▶ [What is expected]:
Records follow. Print exactly the lines from the one that has "2-комн квартира ул" through the one that has "Volkswagen T-Roc - Vorschau Bild 1", inclusive, and omit the pictures.

___ Data listing

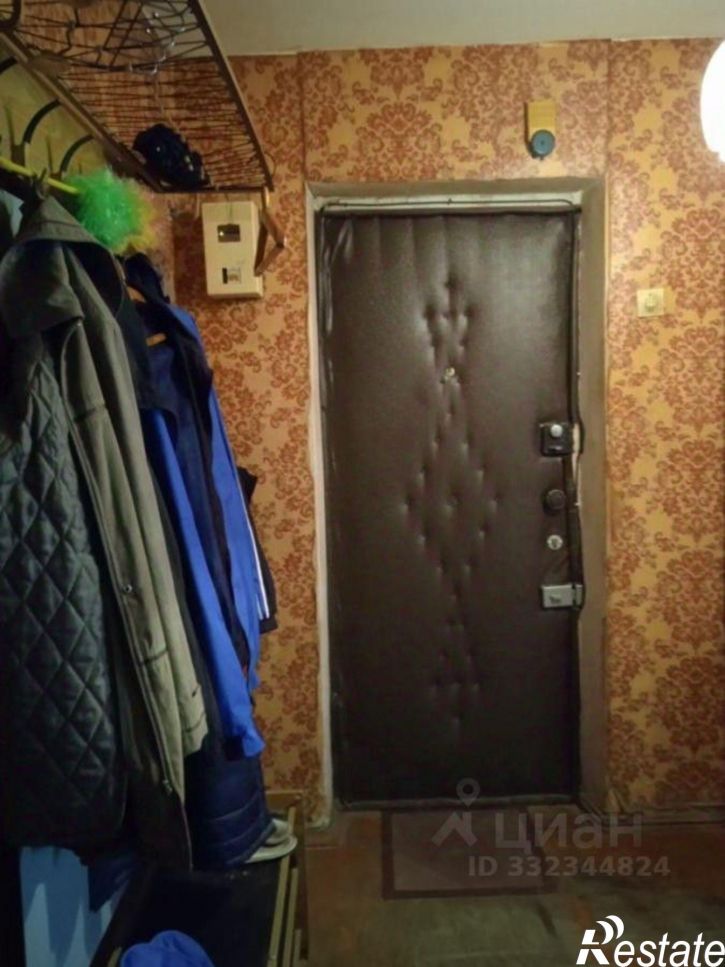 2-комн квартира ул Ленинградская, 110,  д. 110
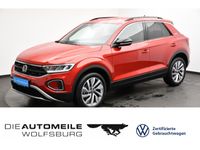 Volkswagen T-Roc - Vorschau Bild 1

______
___ Data listing

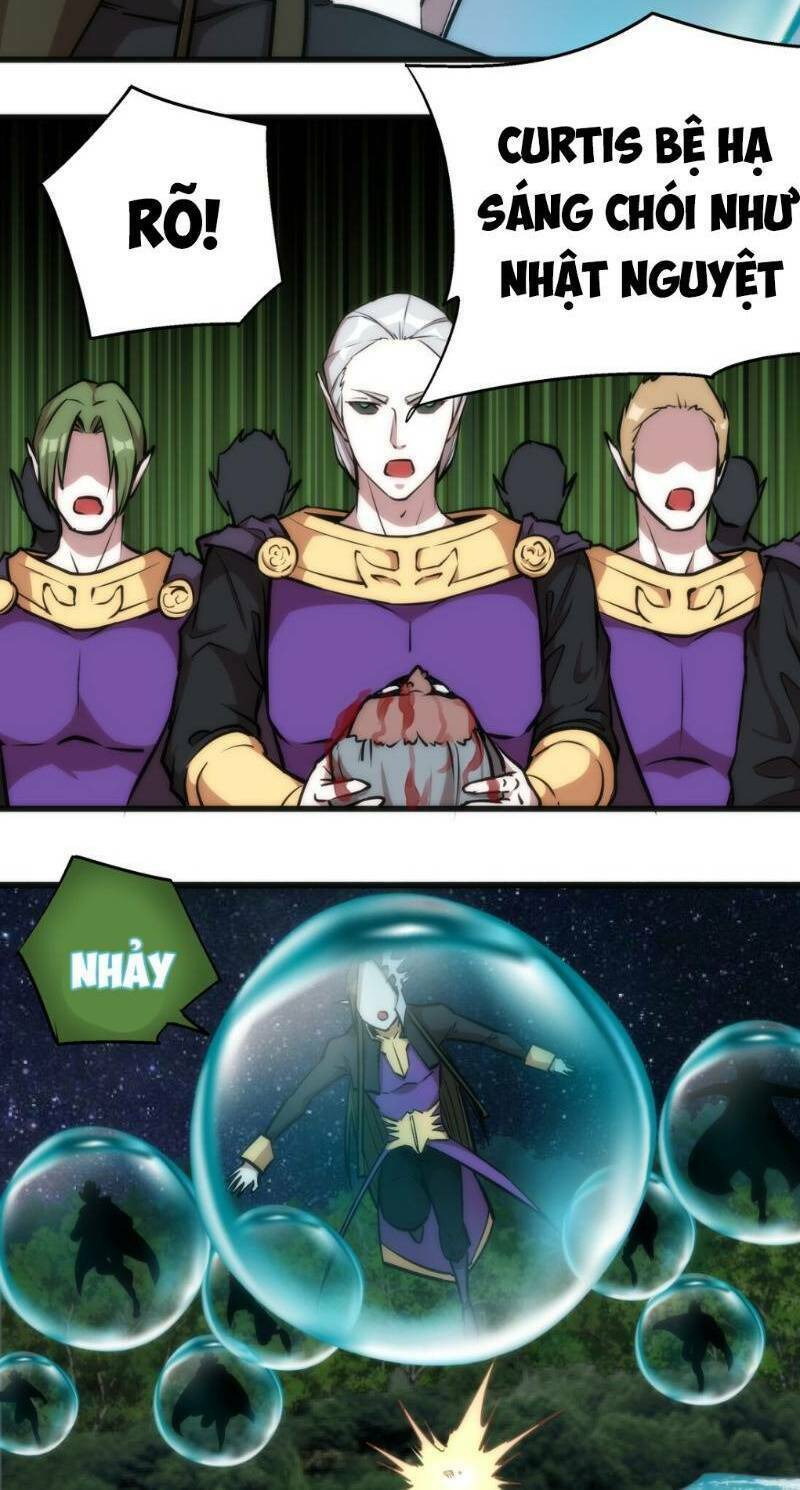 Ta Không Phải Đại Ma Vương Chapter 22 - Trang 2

______
___ Data listing

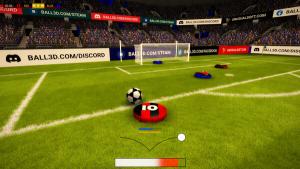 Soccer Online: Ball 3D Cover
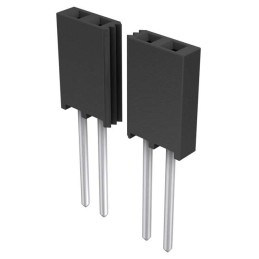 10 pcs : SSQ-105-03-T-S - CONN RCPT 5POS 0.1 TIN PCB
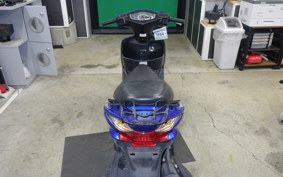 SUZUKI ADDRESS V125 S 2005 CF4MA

______

▶ [Output]:
 2-комн квартира ул Ленинградская, 110,  д. 110
 Volkswagen T-Roc - Vorschau Bild 1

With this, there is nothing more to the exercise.